What Can Artists Do to Move Towards More Sustainable Creative Practices?:
There are loads of small changes and choices we can make:
Check your studio ‘energy usage’ set up – for lighting use Halogen bulbs, CFLs (compact fluorescent lamps), and LEDs, don’t leave heaters, hot plates and other ‘machinery’ running when not in use – schedule so that a machine can be on for an hour and used continually rather than on continually and only used once an hour.
Check the contents and ingredient lists on the paints, drawing tools and chemicals you use.
Choose materials which come in glass or metal which both have some level of recyclability where as plastic is still currently a problem due to the different types and mixing of types in the disposal system. Plunder charity shops for discarded fabrics and props.
Use less wasteful processes and adapt the ones which you know to be harmful to explore new ones which are much less so.
Make your tools last by choosing quality ones and by taking care of them.
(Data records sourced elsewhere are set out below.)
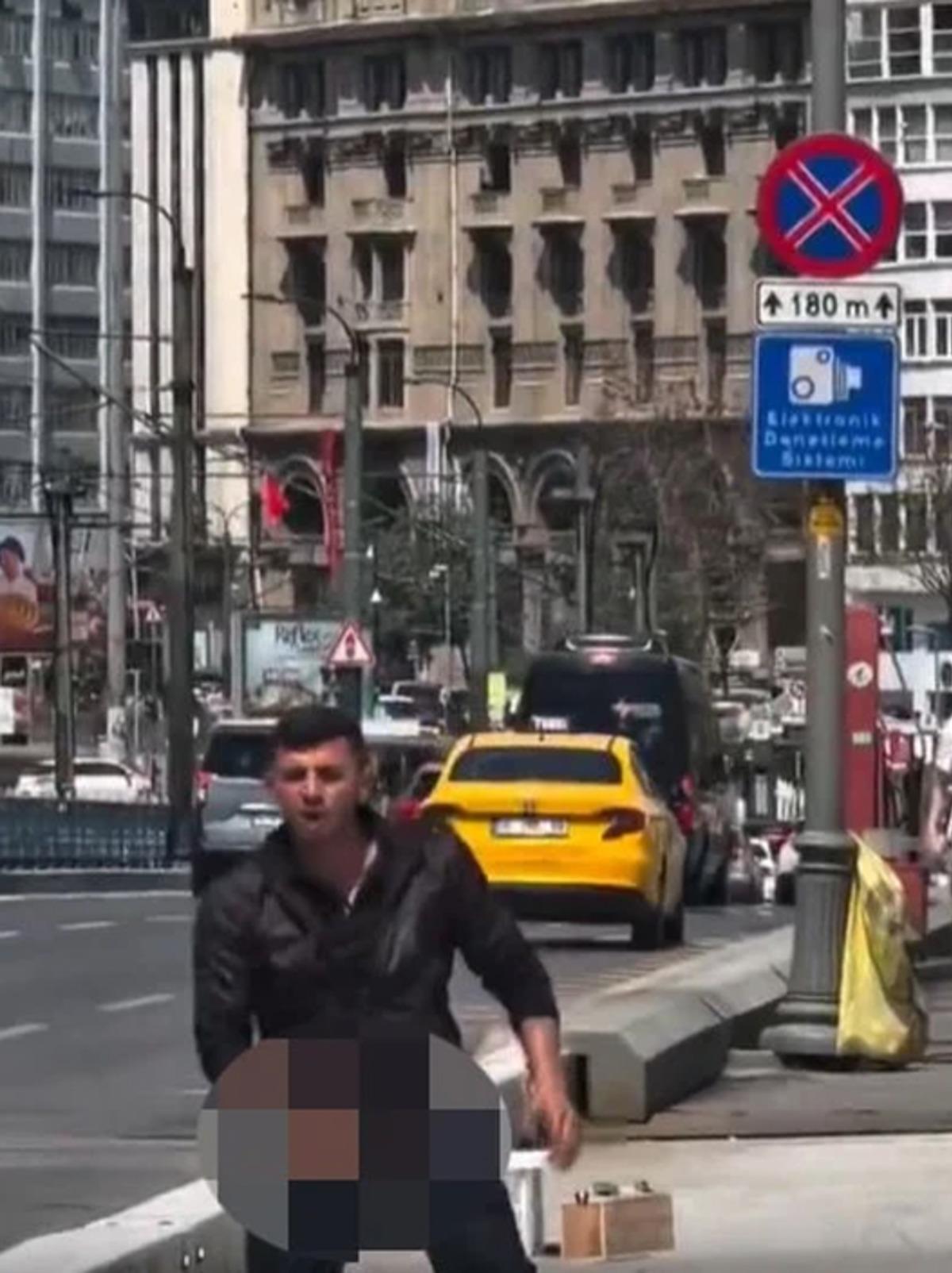Galata Köprüsü ndeki rezillik karakolda bitti! 3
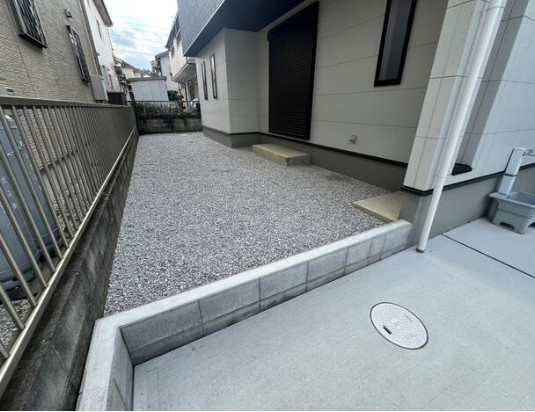 【未入居】入間郡毛呂山町市場中古住宅の庭|お庭の付いた物件です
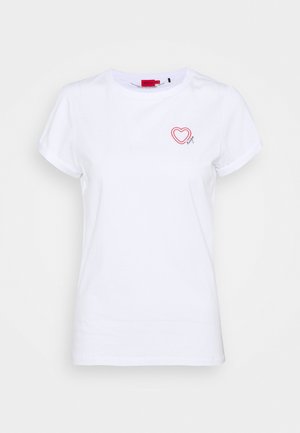 T-shirt blanc en coton avec un contour de cœur rouge et le mot "hugo" en broderie noire. Manches courtes roulées et col rond.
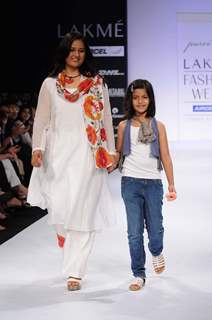 Designer Purvi Doshi's creations during the Lakme Fashion Week day 4 in Mumbai. .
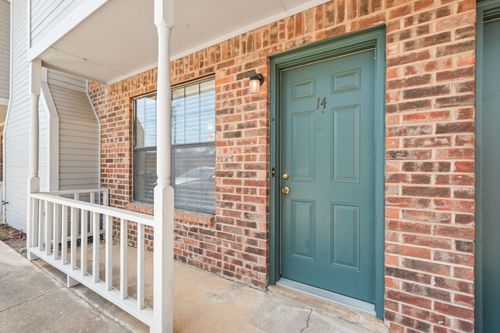 a14-929 W Hickory St, Denton, TX, 76201-9101 | Card Image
Opt for manufacturers who are making environmentally positive choices – it will probably cost you more – so buy/use less.
Research your materials, share your findings and cross refer with other artists who are also trying to figure out more sustainable creative practices.
Allow these choices to change your practice, aesthetics and the direction of your work – its likely to be more of a process of ‘opening up’ than of ‘closing down’ your options.
Thousands of us making small changes and better environmental choices will have more of an impact than a few hundred people with flawless ‘eco-report’ cards.
There would seem to be little point in using art to change the world, to bring beauty, colour and enlightening perspectives into it with one hand, while destroying it with the other.